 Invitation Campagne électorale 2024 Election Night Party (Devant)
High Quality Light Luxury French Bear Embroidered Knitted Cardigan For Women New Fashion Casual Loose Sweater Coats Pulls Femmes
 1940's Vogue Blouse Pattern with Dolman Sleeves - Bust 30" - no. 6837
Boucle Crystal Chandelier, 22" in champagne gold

---

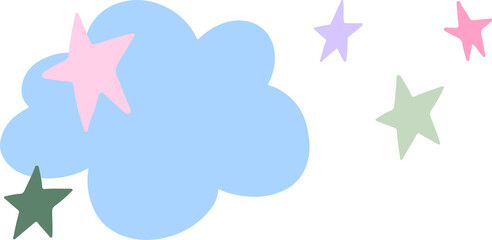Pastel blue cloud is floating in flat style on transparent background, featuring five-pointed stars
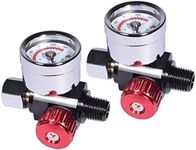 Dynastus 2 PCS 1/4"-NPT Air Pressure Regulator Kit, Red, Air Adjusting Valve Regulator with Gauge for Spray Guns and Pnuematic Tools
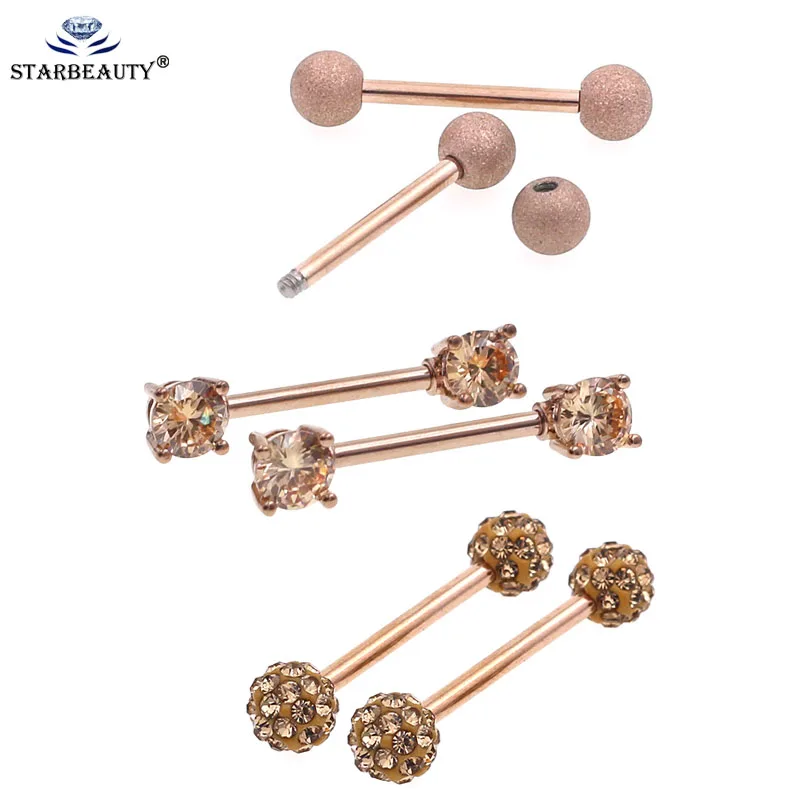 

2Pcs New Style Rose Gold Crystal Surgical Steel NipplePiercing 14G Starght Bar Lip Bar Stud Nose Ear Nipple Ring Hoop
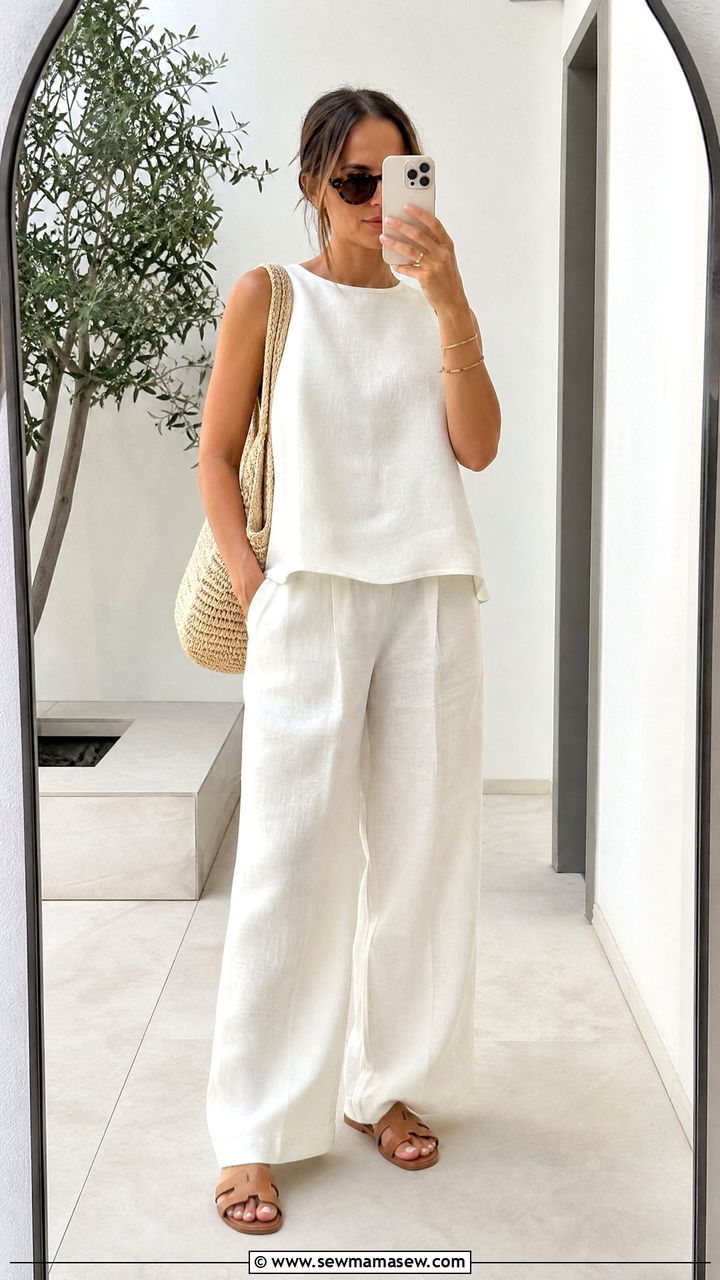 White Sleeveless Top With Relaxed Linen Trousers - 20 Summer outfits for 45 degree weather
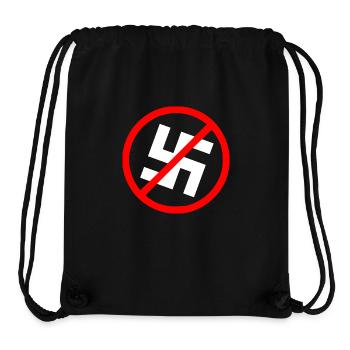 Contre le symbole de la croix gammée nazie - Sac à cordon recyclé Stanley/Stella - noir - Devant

### EXERCISE OBJECTIVE:
Once you reach the line with "Invitation Campagne électorale" in the data above, copy it and every line after it exactly, up to and including the line with "in champagne gold".

### ANSWER SECTION:
 Invitation Campagne électorale 2024 Election Night Party (Devant)
High Quality Light Luxury French Bear Embroidered Knitted Cardigan For Women New Fashion Casual Loose Sweater Coats Pulls Femmes
 1940's Vogue Blouse Pattern with Dolman Sleeves - Bust 30" - no. 6837
Boucle Crystal Chandelier, 22" in champagne gold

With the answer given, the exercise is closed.